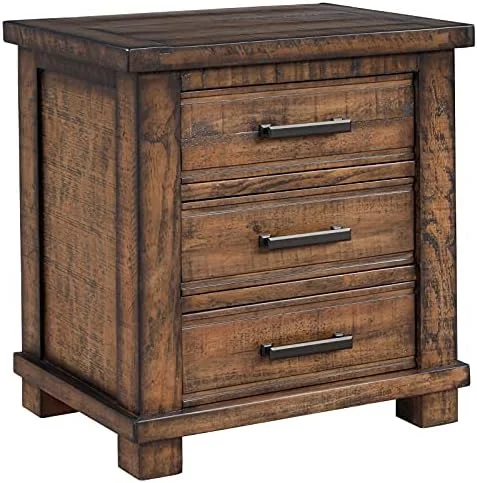 RUNFAYBIU 3-Drawer Wood Cabinet Solid Wood Farmhouse Nightstand Fully Assembled Nightstand Drawer Chest Solid Wood for Bedroom Living Room Rustic Brown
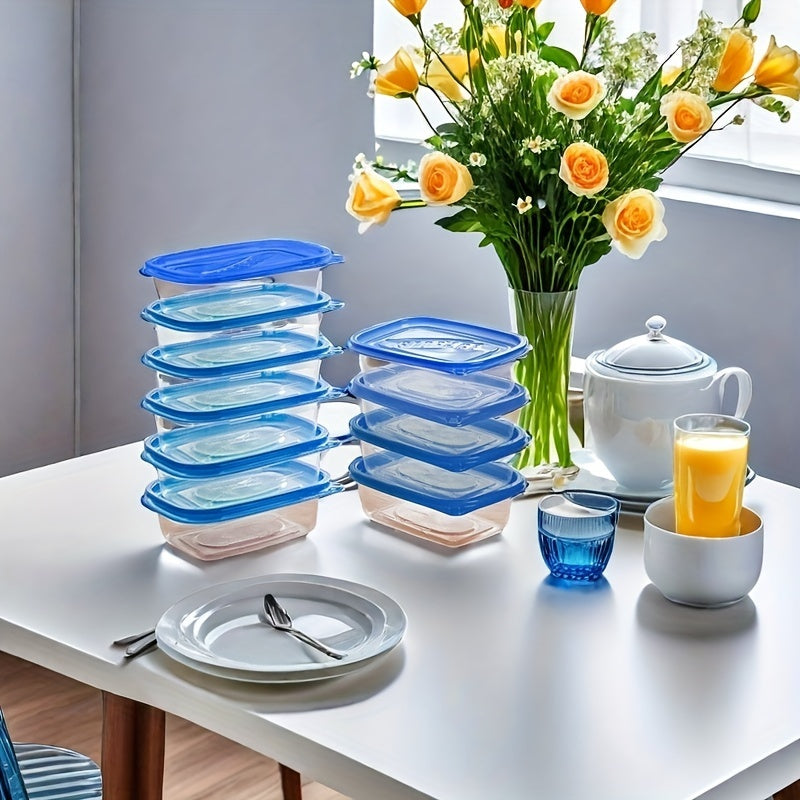 10-Piece Reusable Clear Plastic Food Storage Containers with Blue Lids for Kitchen Snacks and Produce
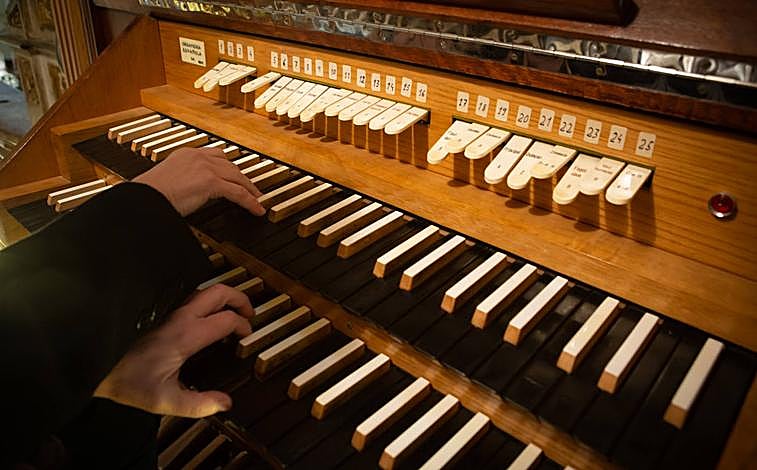 Imagen principal - Detalles del Órgano del Evangelio, que toca habitualmente concepción. 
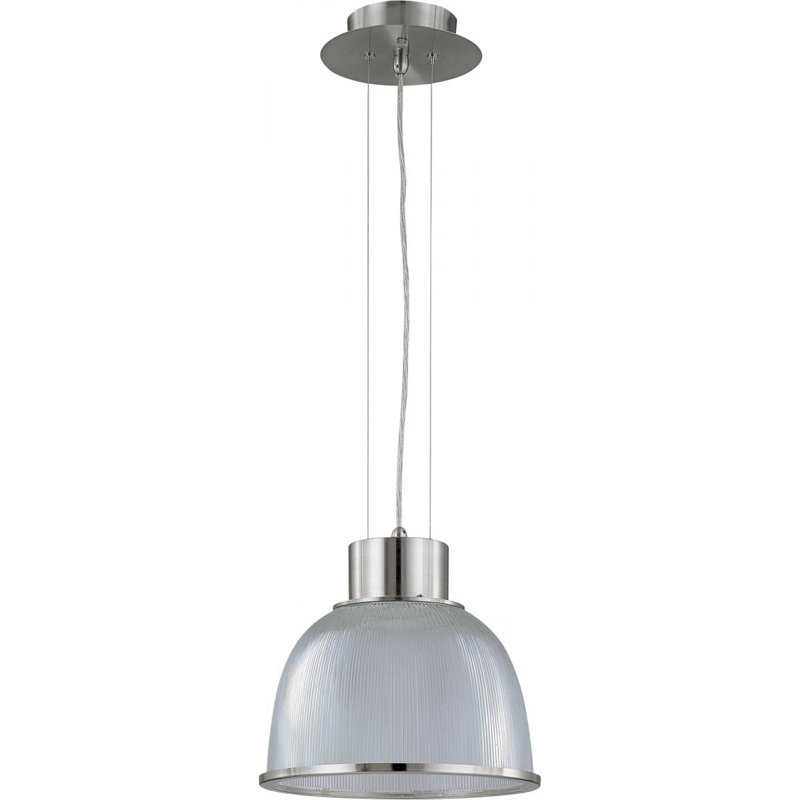 1 - Light Single Pendant, 10.625" H x 12.375" W, Brushed Nickel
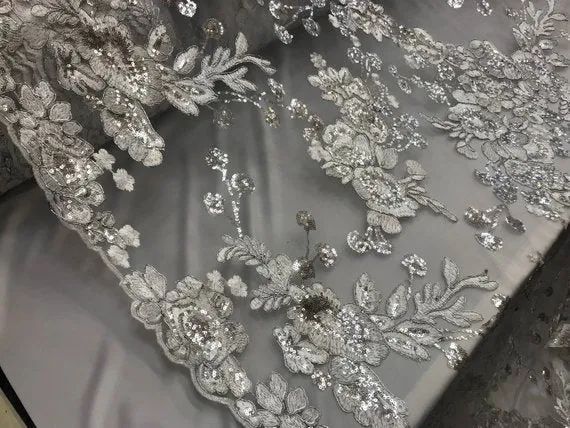 Bridal Design Transparent Prom Wedding Mesh Lace Embroidered Fabric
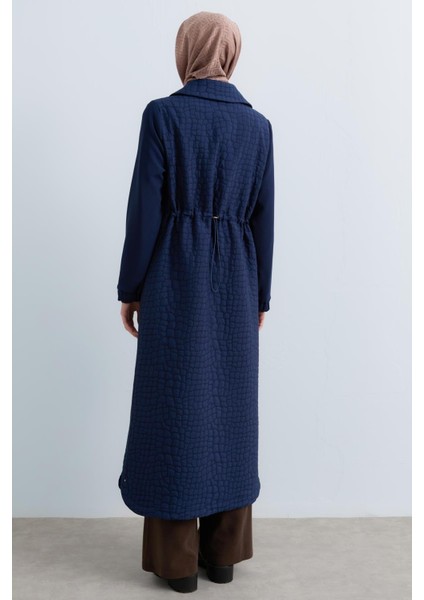 Ince Kapitone Örme Garnili Pardesü Lacivert fırsatları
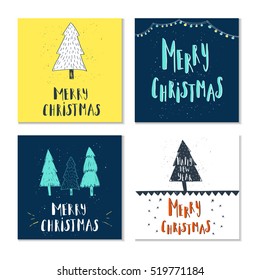 Set of 4 cute gift cards and hand drawn Christmas lettering. Can be used as poster with quote, T-shirt design or home decor element. Vector typography. Easy editable template.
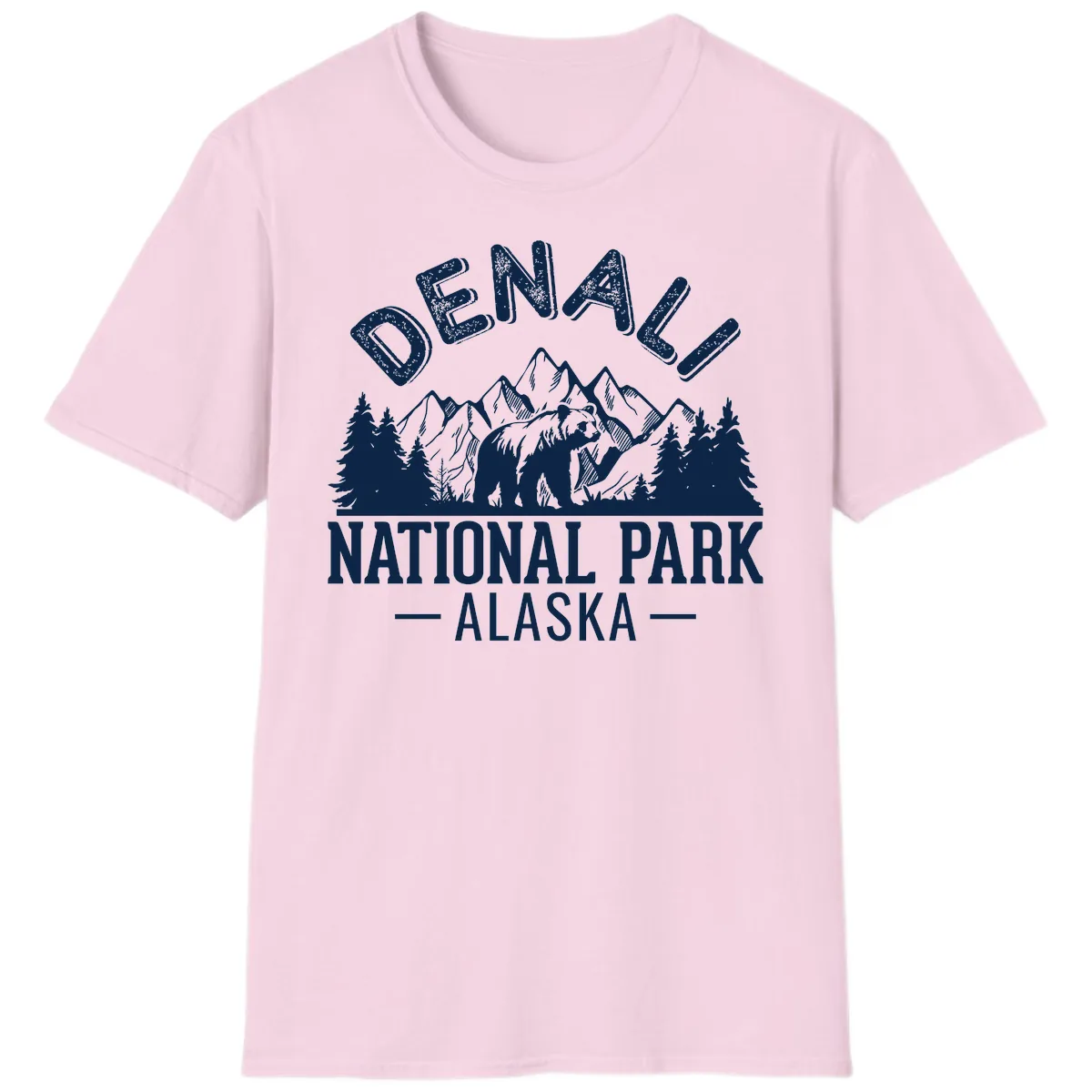 Denali National Park Alaska Wilderness T-Shirt in Light Pink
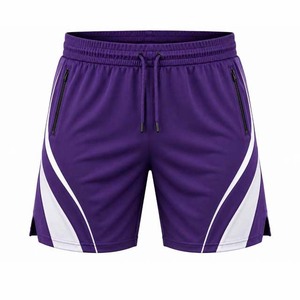 Men's Purple Sport <b>Shorts</b> With White Stripes Quick Dry Drawstring Closure <b>Zipper</b> Pockets - Product Image 1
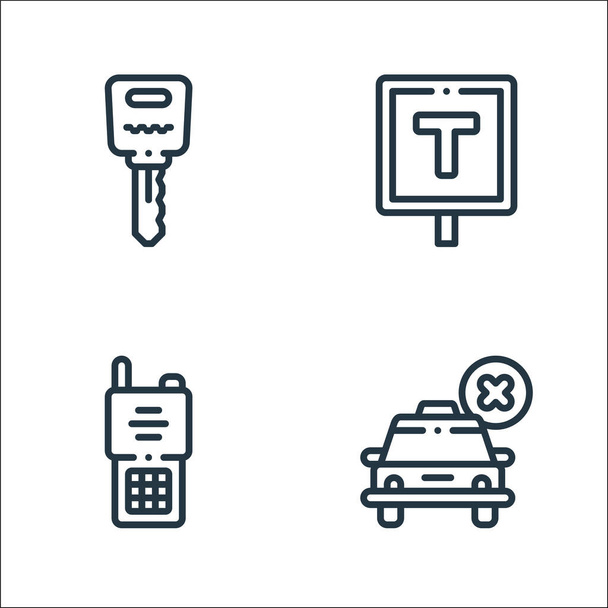 icone della linea di servizio taxi. set lineare. set di linee vettoriali di qualità come annullato, walkie talkie, fermata taxi - Vettoriali, immagini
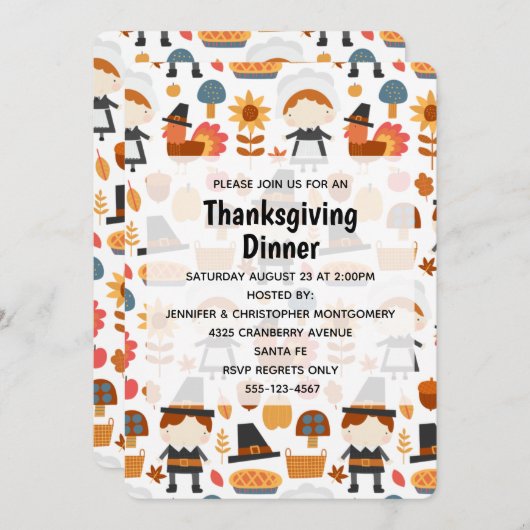Thanksgiving Pilgrims Harvest Pattern Dinner Kaart (Voorkant / Achterkant)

------

REQUIREMENT:
If a line holds an image, leave the image out; retype everything else in the entries exactly.

EXERCISE SOLUTION:
 RUNFAYBIU 3-Drawer Wood Cabinet Solid Wood Farmhouse Nightstand Fully Assembled Nightstand Drawer Chest Solid Wood for Bedroom Living Room Rustic Brown
 10-Piece Reusable Clear Plastic Food Storage Containers with Blue Lids for Kitchen Snacks and Produce
 Imagen principal - Detalles del Órgano del Evangelio, que toca habitualmente concepción. 
 1 - Light Single Pendant, 10.625" H x 12.375" W, Brushed Nickel
 Bridal Design Transparent Prom Wedding Mesh Lace Embroidered Fabric
 Ince Kapitone Örme Garnili Pardesü Lacivert fırsatları
 Set of 4 cute gift cards and hand drawn Christmas lettering. Can be used as poster with quote, T-shirt design or home decor element. Vector typography. Easy editable template.
 Denali National Park Alaska Wilderness T-Shirt in Light Pink
 Men's Purple Sport <b>Shorts</b> With White Stripes Quick Dry Drawstring Closure <b>Zipper</b> Pockets - Product Image 1
 icone della linea di servizio taxi. set lineare. set di linee vettoriali di qualità come annullato, walkie talkie, fermata taxi - Vettoriali, immagini
Thanksgiving Pilgrims Harvest Pattern Dinner Kaart (Voorkant / Achterkant)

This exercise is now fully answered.